$\displaystyle
A\in R^{s\times n}~,~B\in R^{n\times s}
$
Proof:
$\displaystyle
rank(AB)+n \geqslant rank(A)+rank(B)$
this is a nice problem! i think by that $\displaystyle R$ you mean the field of real numbers $\displaystyle \mathbb{R}.$ well, you really don't need your ground field to be $\displaystyle \mathbb{R}.$ so i'll assume that $\displaystyle F$ is any field and $\displaystyle A$ and $\displaystyle B$ are
$\displaystyle s \times n$ and $\displaystyle n \times t$ matrices respectively, with entries in $\displaystyle F.$ let $\displaystyle T_1,T_2$ be the linear transformations corresponding to $\displaystyle A$ and $\displaystyle B$ respectively, i.e. $\displaystyle T_1: F^n \to F^s$ and $\displaystyle T_2: F^t \to F^n$
are defined by $\displaystyle T_1(x)=Ax$ for all $\displaystyle x \in F^n$ and $\displaystyle T_2(x)=Bx$ for all $\displaystyle x \in F^t.$
claim. $\displaystyle nul(T_1T_2) \leq nul(T_1) + nul(T_2),$ where $\displaystyle nul$ means "dimension of the kernel".

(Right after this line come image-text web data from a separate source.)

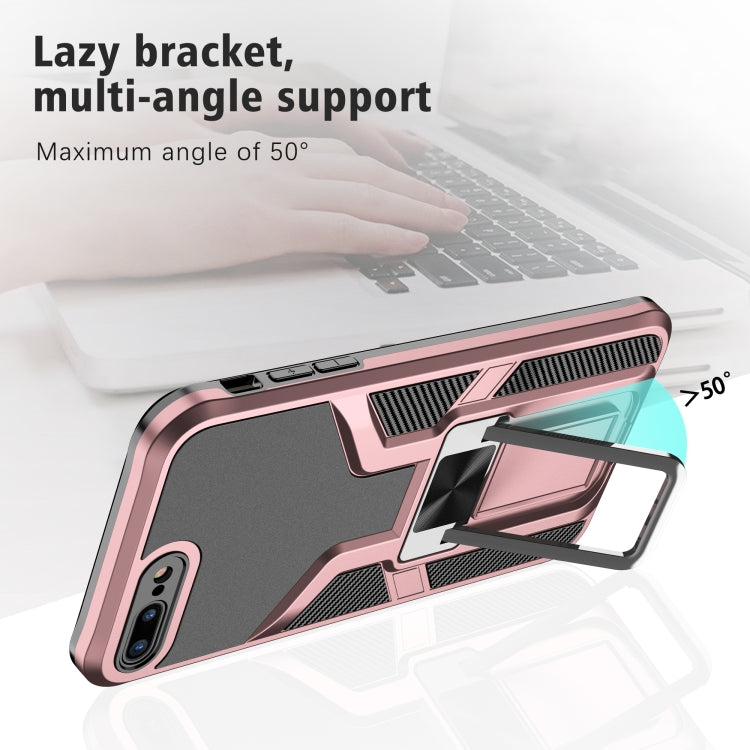 Armor 2 in 1 PC + TPU Magnetic Shockproof Case with Foldable Holder For iPhone 7 Plus / 8 Plus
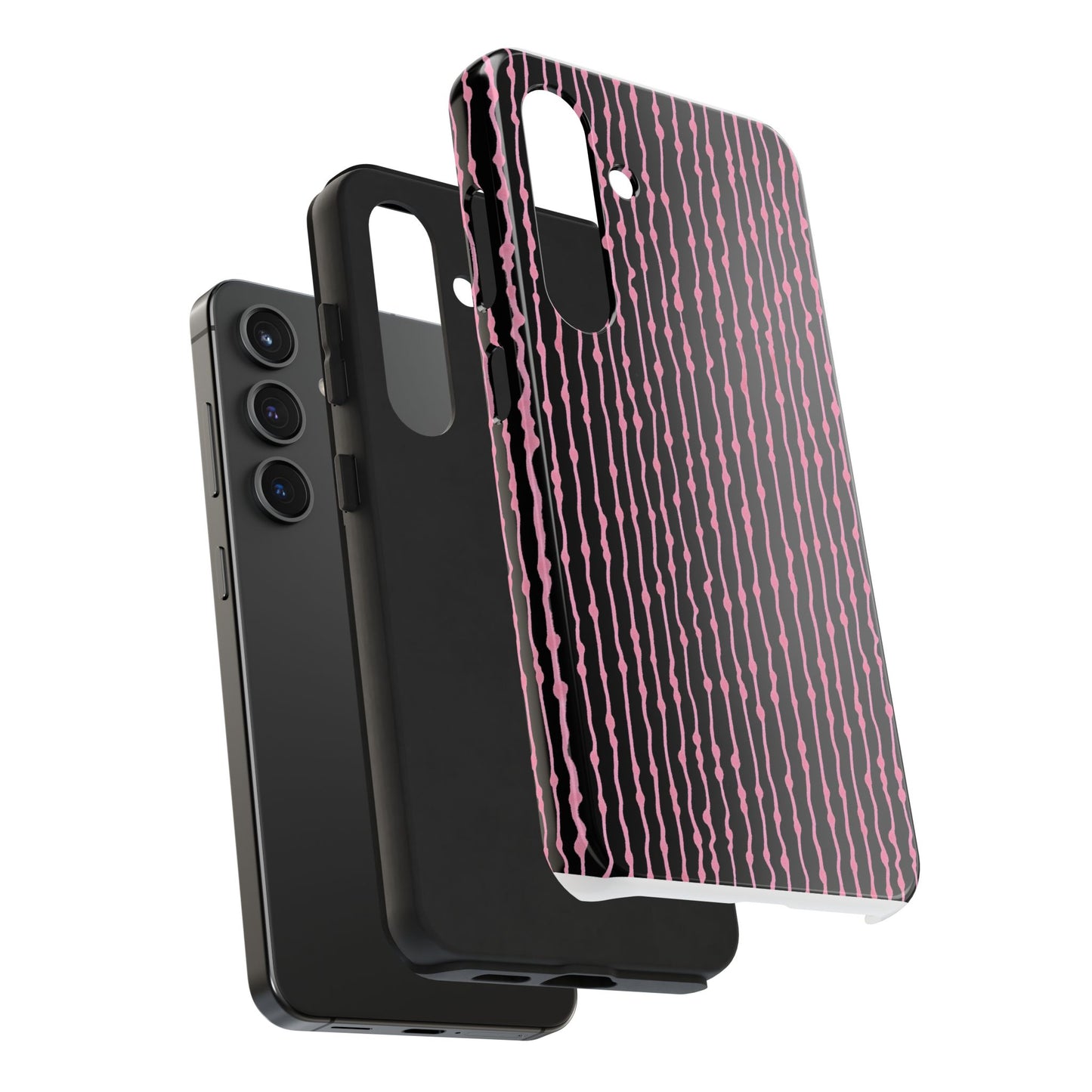 Faux Seersucker Black / Pink Phone Case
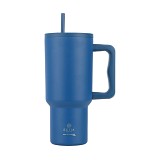 ESTIA ΘΕΡΜΟΣ STRAW TUMBLER XL SAVE THE AEGEAN 900ml DENIM BLUE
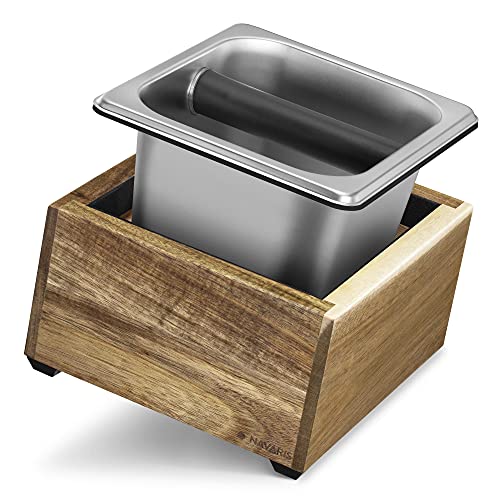 Navaris Abklopfbehälter aus Akazienholz 18x17x11cm - Abschlagbehälter für Siebträger - Zubehör für Espresso Kaffeemaschine Siebträgermaschine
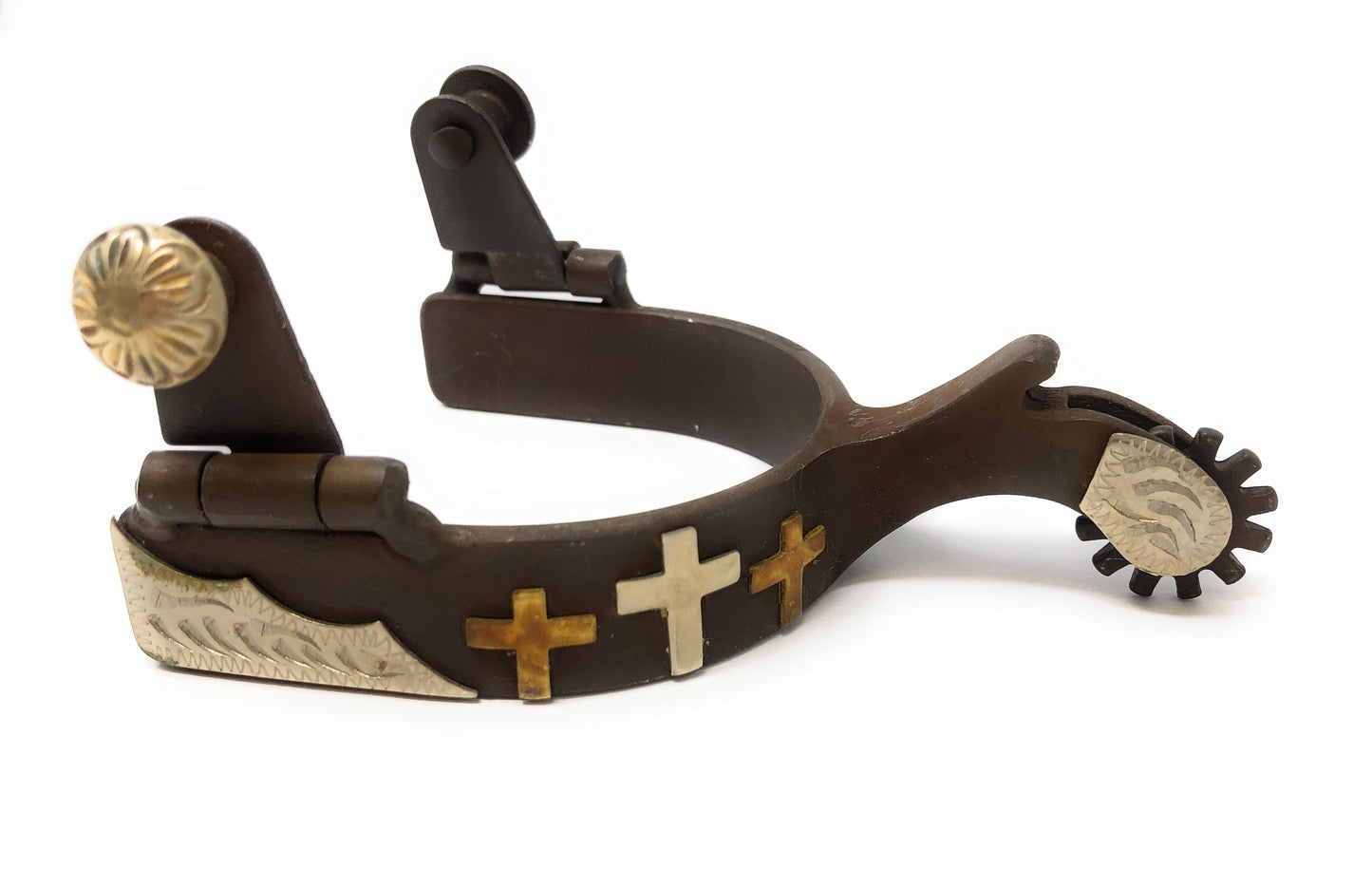 AJ Tack Youth Antique Brown Three Cross Western Spurs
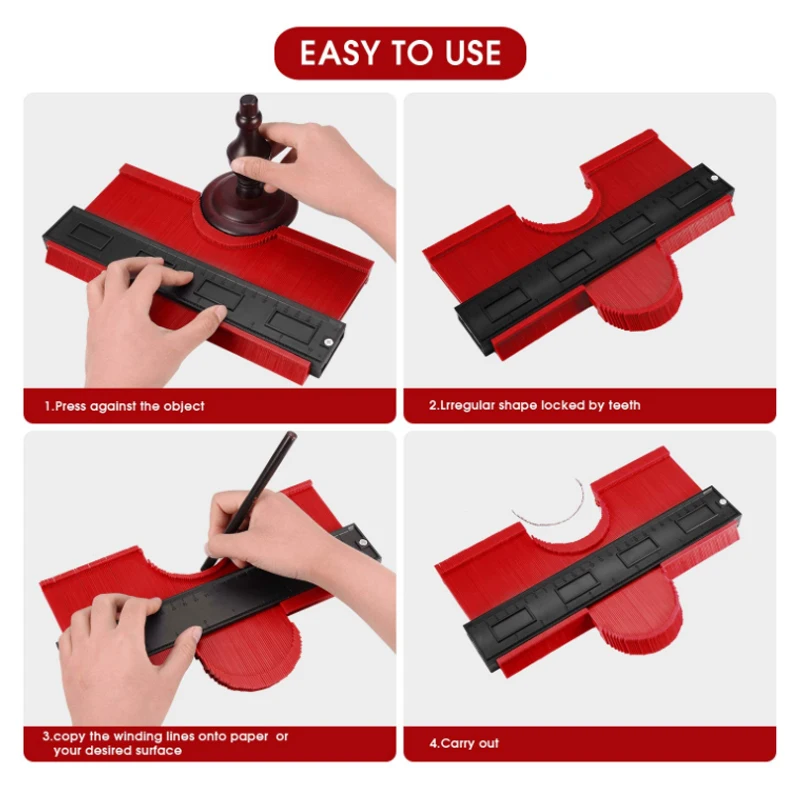 Plastic Profile Copy Gauge Contour Gauge Duplicator Standard 5"/10'' Width Wood Marking Tool Tiling Laminate Tiles General Tools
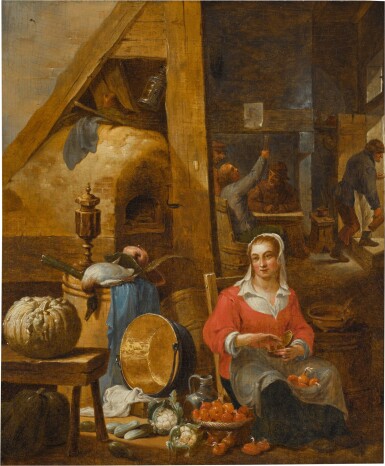 View full screen - View 1 of Lot 170. Barn interior with figures.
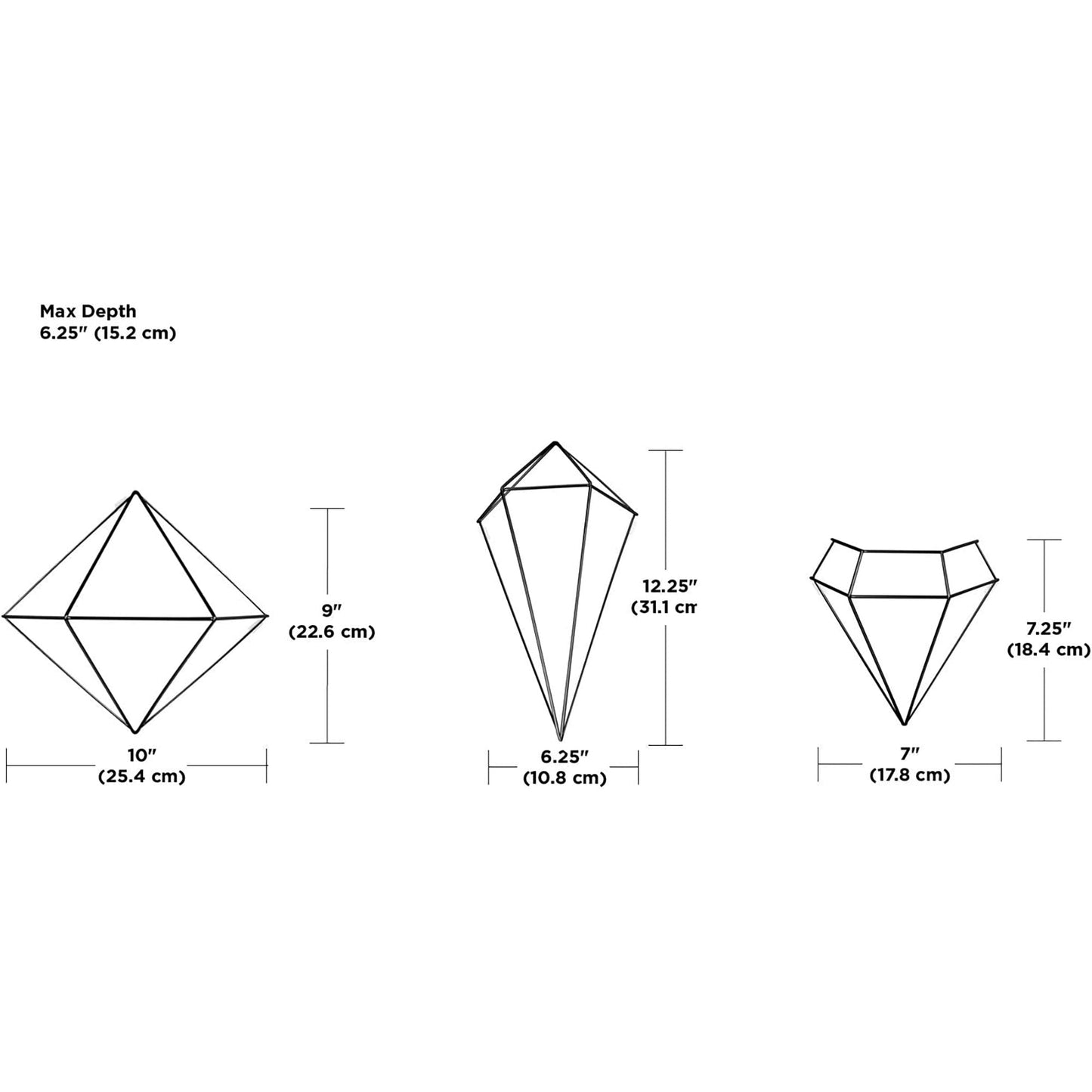 Geometric Sculptures Modern Metallic Wire Shapes Wall Decor Set of 6 - Black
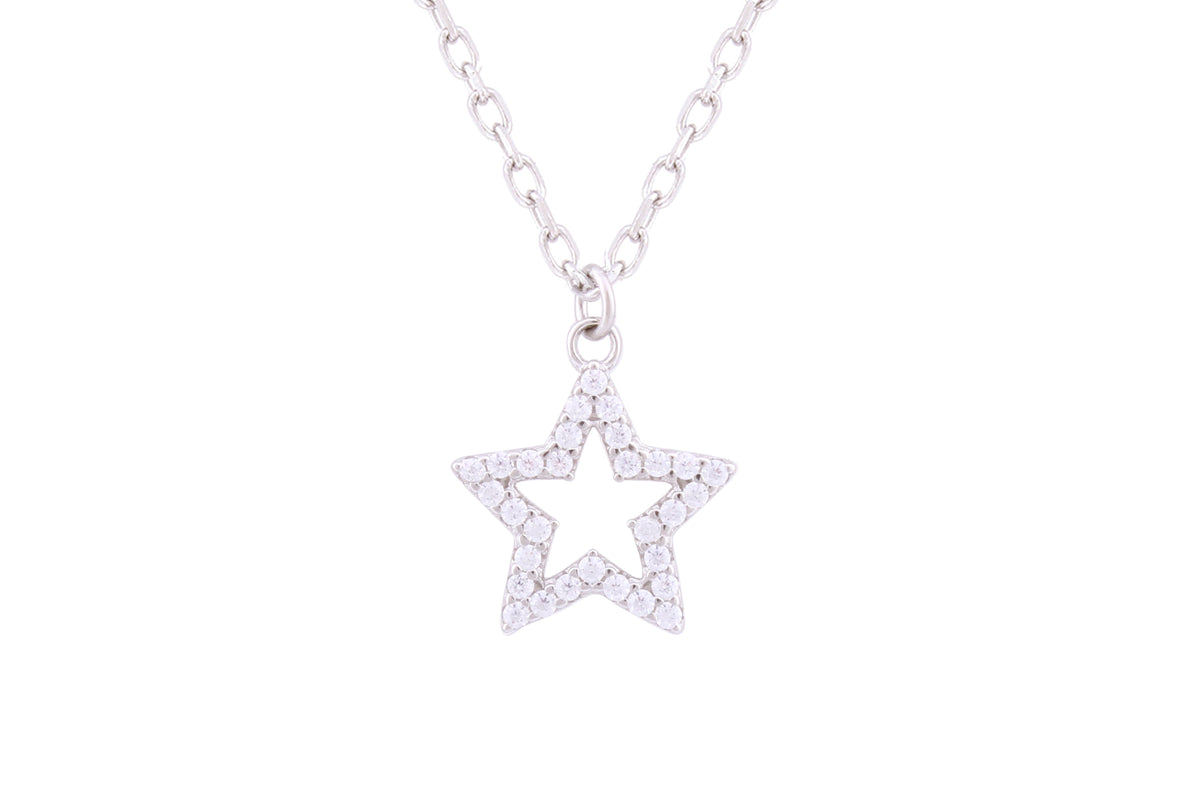 Asfour Crystal Chain Necklace With Star Pendant In 925 Sterling Silver ND0142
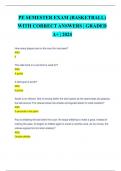 PE SEMESTER EXAM &lpar;BASKETBALL&rpar;  WITH CORRECT ANSWERS &vert; GRADED  A&plus; &vert; 2024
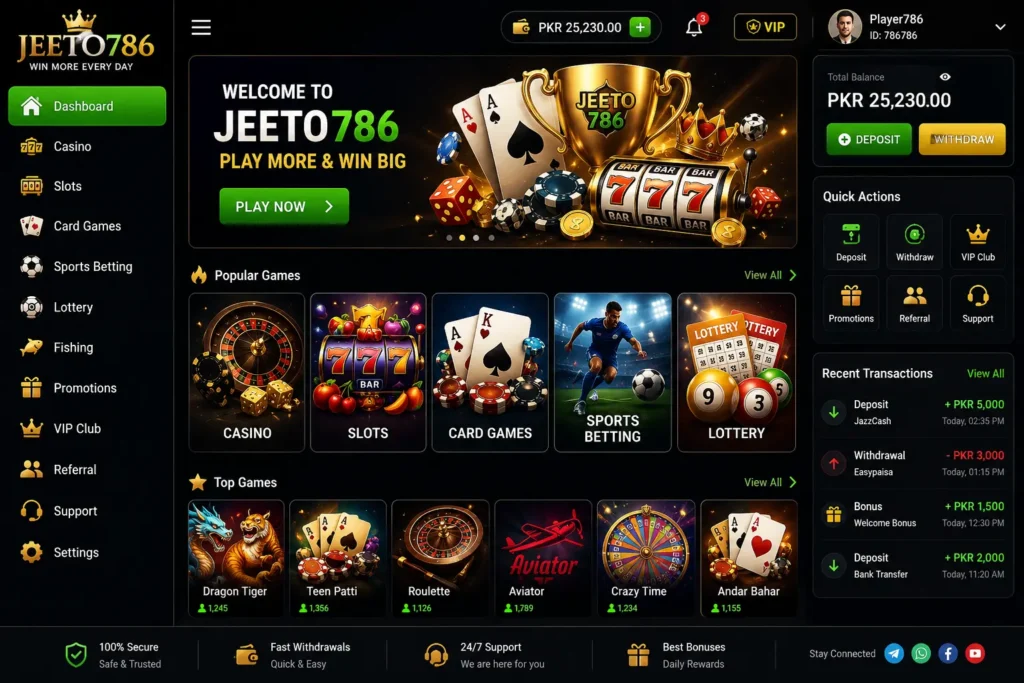 Jeeto786 Game Apk dashboard image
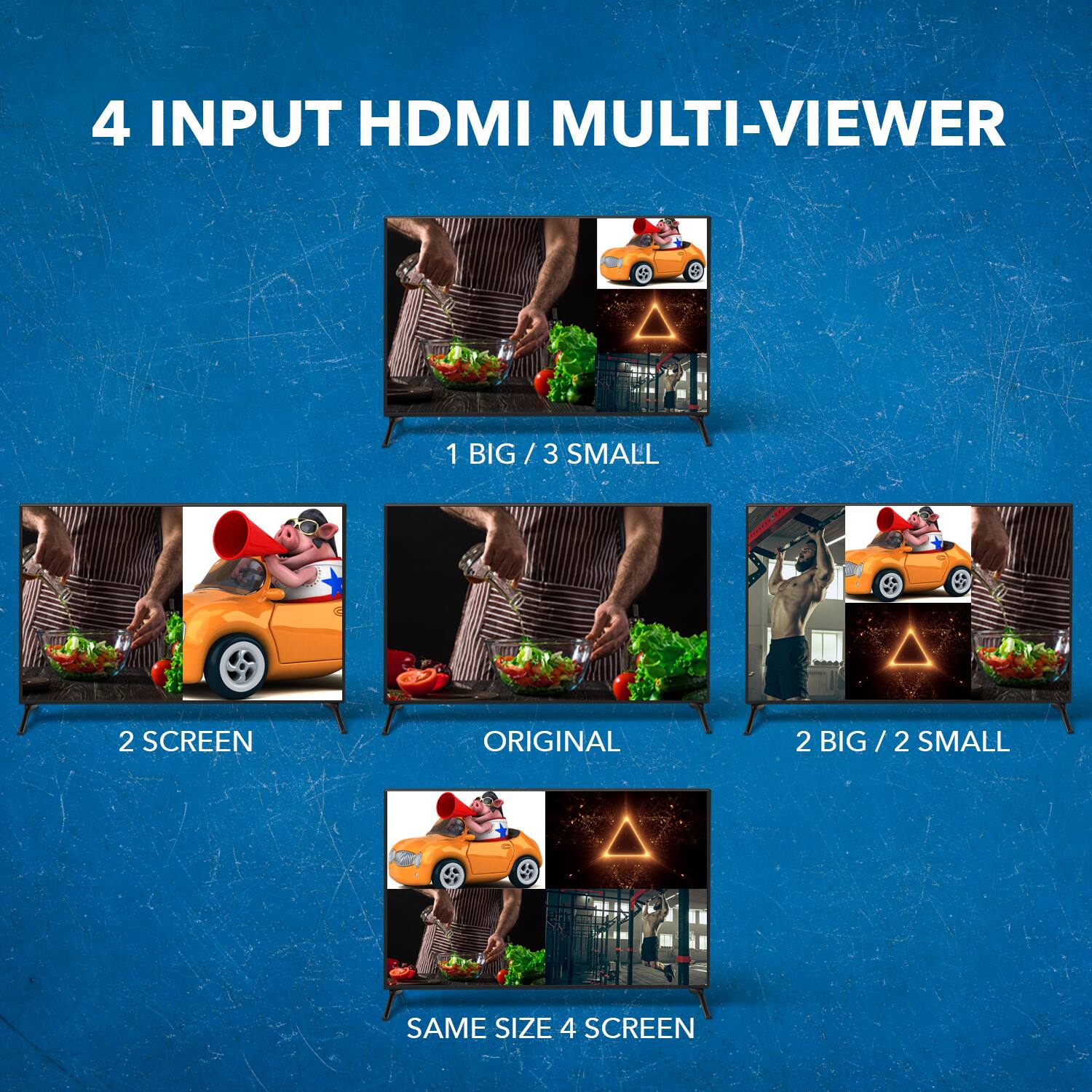 4 INPUT HDMI MULTI-VIEWER
1 BIG / 3 SMALL
2 SCREEN
ORIGINAL
2 BIG / 2 SMALL
SAME SIZE 4 SCREEN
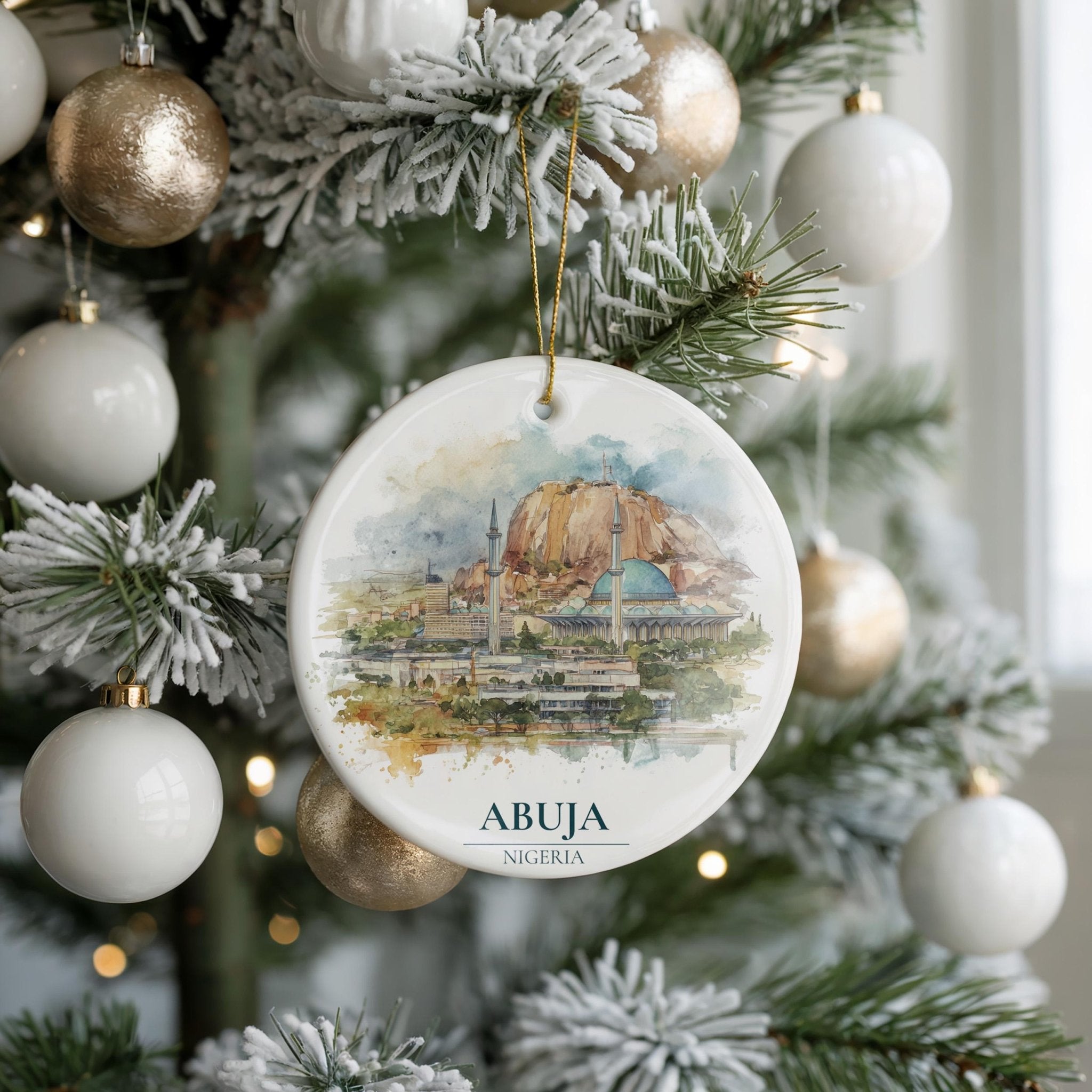 Abidjan Ivory Coast Personalized Watercolor Ornament, Custom Ceramic Christmas gift, Travel Keepsake - CuteBeePix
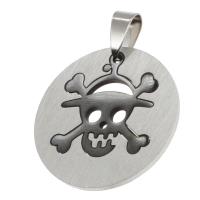 Stainless Steel Skull Pendants, Round, Halloween Jewelry Gift, mixed colors, 30x30x1mm, Sold By PC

proof. define $\displaystyle f: \ker (T_1T_2) \to \ker T_1$ by $\displaystyle f(x)=T_2(x)$ for all $\displaystyle x \in \ker(T_1T_2).$ note that $\displaystyle f$ is well-defined because if $\displaystyle x \in \ker(T_1T_2)$, then $\displaystyle T_1T_2(x)=0$ and thus
$\displaystyle f(x)=T_2(x) \in \ker T_1.$ it's obvious that $\displaystyle f$ is linear and $\displaystyle \ker f = \ker T_2.$ therefore, by the rank-nulity theorem, we have $\displaystyle rank(f)+nul(f)=\dim \ker(T_1T_2)=nul(T_1T_2).$
but $\displaystyle rank(f)=\dim im(f) \leq \dim \ker T_1=nul(T_1)$ and $\displaystyle nul(f)=\dim \ker(f)=\dim \ker T_2 =nul(T_2). \Box$
now solving your problem is easy: applying the above claim and the rank-nulity theorem we have:
$\displaystyle rank(T_1T_2)+n=t-nul(T_1T_2)+n \geq n-nul(T_1)+ t-nul(T_2)=rank(T_1) + rank(T_2).$